Intelligent retrieval of very large Chinese dictionaries with speech queries

Sung-Chien Lin, Lee-Feng Chien, Ming-Chiuan Chen, Lin-Shan Lee, Ker-Jiann Chen

To retrieve a Chinese word from a Chinese dictionary, it needs the user to know exactly the first character of the desired word. Because there is more than 10,000 Chinese characters, this makes the Chinese dictionary relatively difficult to be used. To reduce the problem, this paper presents intelligent retrieval techniques for very large Chinese dictionaries with speech queries. The proposed techniques properly integrate the technologies of Mandarin speech recognition and Chinese information retrieval with a syllable-based approach utilizing the mono-syllabic structure of the language.
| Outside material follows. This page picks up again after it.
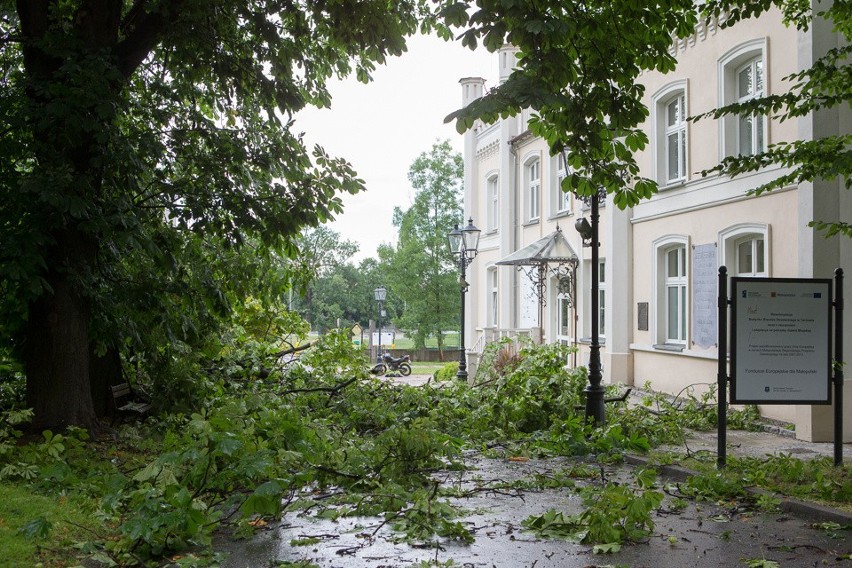 Gwałtowna burza w Tarnowie, ranni i spore zniszczenia [ZDJĘCIA INTERNAUTÓW]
Moreover, it is very nice to provide the function of retrieving all relevant word entries from the dictionaries using speech queries describing "general concepts" of the desired words. To achieve the challenging function, the techniques of relevance feedback are also included. Based on these techniques, a retrieval system was implemented successfully on a Pentium PC for a very large Chinese dictionary which includes 160,000 word entries and the total length of the lexical information under the word entries exceeds 20,000,000 words.